Caused by: java.lang.NullPointerException
at org.apache.openjpa.persistence.QueryImpl.preExecute(QueryImpl.java:557)
at org.apache.openjpa.persistence.QueryImpl.execute(QueryImpl.java:285)
at org.apache.openjpa.persistence.QueryImpl.getResultList(QueryImpl.java:302)
at com.ibm.ws.persistence.QueryImpl.getResultList(QueryImpl.java:118)
.....

As I mentioned in OJ2609, I was not able to exactly recreate the issue. I described some of the strategic break points I had to use, and the assumptions I had to make. Alas, I was able to recreate this issue with a multi threaded test, and specific query string (among other things)! This JIRA will take the reader on another journey through the laborious process I went through to recreate the issue, and finally track down the very, I mean very, narrow window where the CCEx or NPE can occur. So, settle in and lets start our fun adventure!

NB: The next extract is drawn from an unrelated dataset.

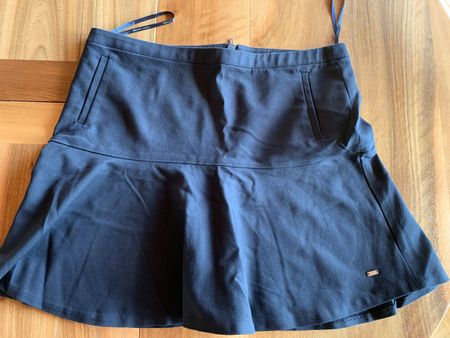 Tommy Hilfiger Rock, Grösse 10, schwarz, Top Zustand!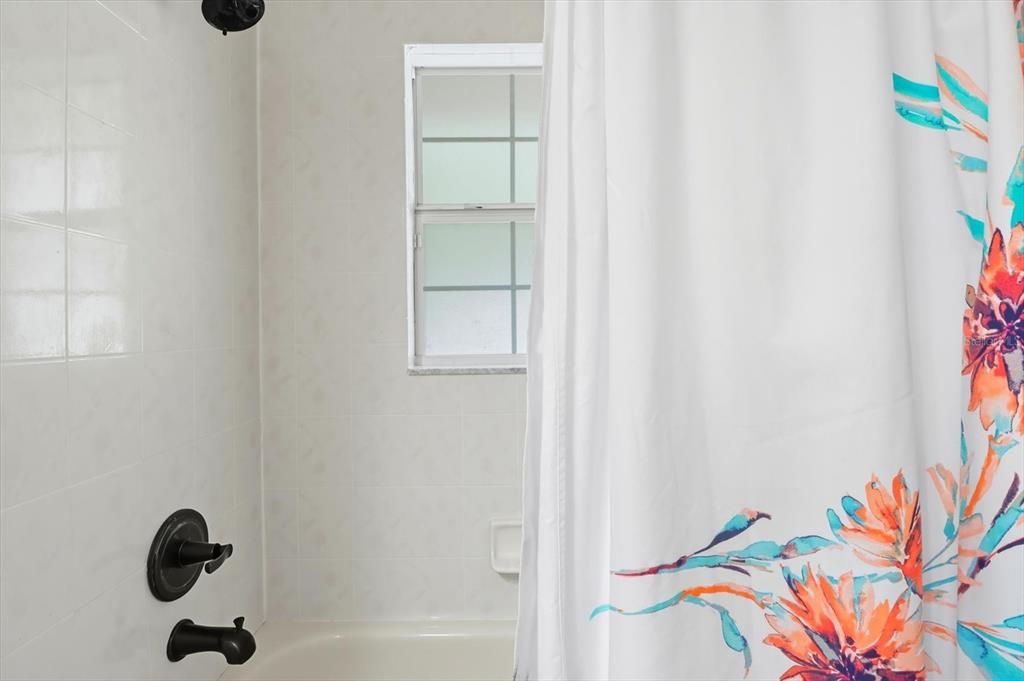 For Sale: $315,000 (3 beds, 2 baths, 1500 Square Feet)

First, let me give an overview of the issue and look at the code to illustrate how the exceptions can occur. After that I'll dive into the recreate.
The exception can occur when an item (a query string mapped to a PQ in my case) in the CacheMap is moved from the "soft" cache to the main cache. Please view the CacheMap code to see what I mean by the main cache (see variable 'cacheMap') and what I mean by the soft cache (see variable 'softMap'). When an item exists in the soft cache, and a thread requests that item, the item is moved out of the soft cache and put in the main cache. If the main cache is full, another item is kicked out of the main cache. The item which is removed from the main cache is put into a soft cache. As this move from soft cache to main cache occurs, there is a narrow window where the item appears to not be in the caches at all. In other words, if a (reader) thread asks (CacheMap.get) for item X, where another (writer) thread is moving item X from the soft cache to the main cache, the reader thread will not see item X and think the item is not cached.
To see this better, lets look at CacheMap.get:

public Object get(Object key) {
readLock();
try {
// Check the main map first
Object val = cacheMap.get(key);
if (val == null) {
// if we find the key in the soft map, move it back into
// the primary map
val = softMap.get(key);
if (val != null)

{ put(key, val); }

else

{ val = pinnedMap.get(key); }

}

return val;
} finally

{ readUnlock(); }

}

As you can see, we first look in the main cache for a given key (in my scenario the key is a query string). If it is not found, we look in the soft map. If it is in the soft map, we call the 'put' method. The 'put' method is going to take the key out of the soft map and put it in the main cache map. Let me paste the relevant parts of the put method (I'll leave it to the reader to view the method in its entirety):

public Object put(Object key, Object value) {
writeLock();
try {
........
// otherwise, put the value into the map and clear it from the
// soft map
val = put(cacheMap, key, value);
if (val == null)

{ val = remove(softMap, key); ........ }

finally

{ writeUnlock(); }

As you can see here, this 'put' method calls to another 'put' method which simply puts the key/value into the specified map. If the map didn't already contain a value for the given key (which I think should always be the case for the cacheMap, or at least for my scenario), null will be returned. When null is returned, remove is called to remove the key/value from the soft map.
Given this, lets look closer at the 'get' method with concurrency in mind. Take the case where two threads enter the 'get' method at the same time. Next, assume both threads are moving lock step and they both call 'cacheMap.get' with the same key, and assume the key is not in the main cache. So at this time both threads will have a 'val' of null. Next assume one thread gets focus (so the other thread suspends for a moment) and it calls the soft map with the key. Assume the soft map contains the key. In this case the thread will move (via the call to 'put') the key/value from the soft cache to the main cache. This thread will then have a non-null 'val' and will return. Next assume the suspended thread gets focus and continues. Since its 'val' is null, it will ask the soft cache for the key. However, we know that the other thread just moved the key/value from the soft to main cache! As such, the thread will not find the key in the soft cache and will return a 'val' of null!!! This is at the heart of the issue! That is, one thread thinks there is nothing in the cache for their key!
The observant reader may notice that the 'get' and 'put' have a 'readLock' and 'writeLock', respectively, which attempts to get a ReentrantLock. So one would think that there is proper read/write access of the caches to avoid such situations. However, one must look at the read/writeLock methods. If you look at the readLock method, you can see that it locks using a '_readLock' variable. This variable is null for the CacheMap instance created by the PreparedQueryCacheImpl. Therefore, the readLock method is a no-op. This means that a reader thread can do a read at any time without any locking concerns.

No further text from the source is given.